Every line of the listing below from the one with "Hoi An Food" up to and including the one with "Một Anh Hùng" should be retyped exactly, and nothing else; pictures are not part of the copy.

* [EXTRACTED ENTRIES]:
══════
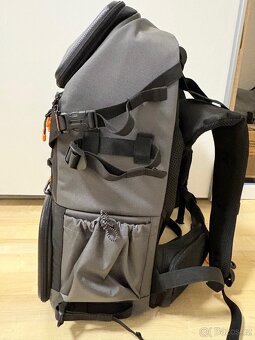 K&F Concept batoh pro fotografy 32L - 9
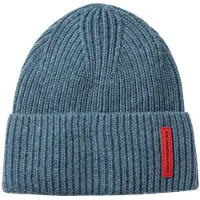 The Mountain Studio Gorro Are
══════
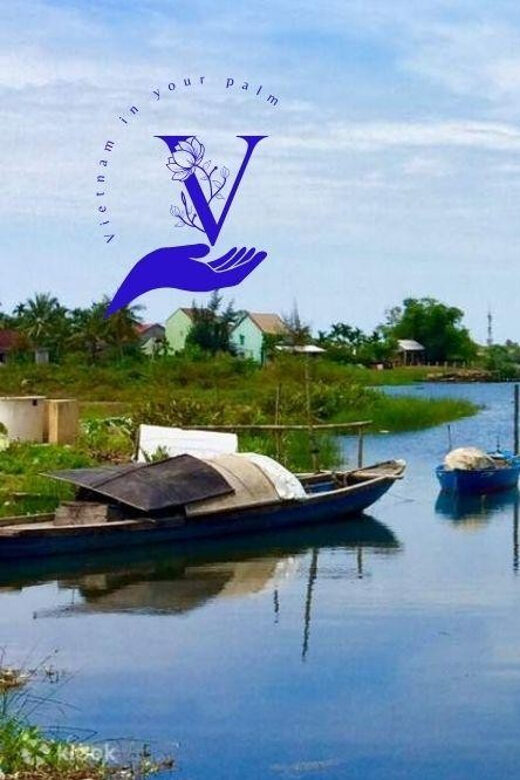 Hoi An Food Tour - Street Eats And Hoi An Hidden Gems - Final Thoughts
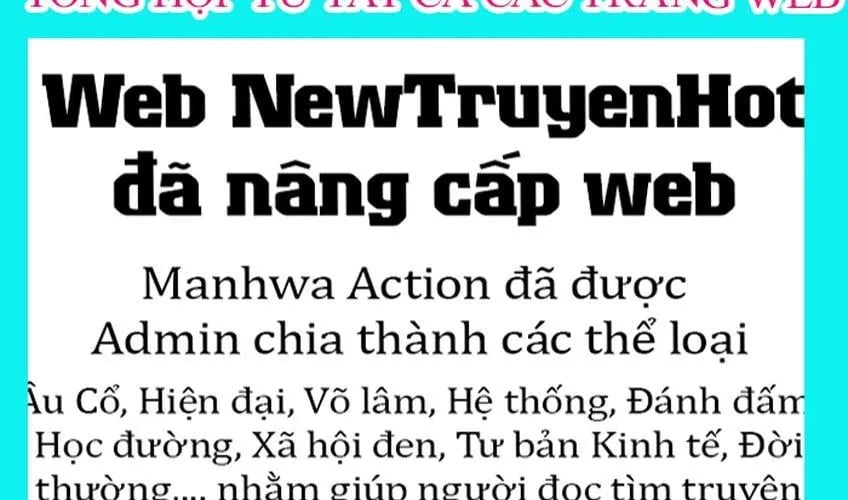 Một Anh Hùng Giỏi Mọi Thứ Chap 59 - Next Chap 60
══════
* [SOLVED PROBLEM]:
 Hoi An Food Tour - Street Eats And Hoi An Hidden Gems - Final Thoughts
 Một Anh Hùng Giỏi Mọi Thứ Chap 59 - Next Chap 60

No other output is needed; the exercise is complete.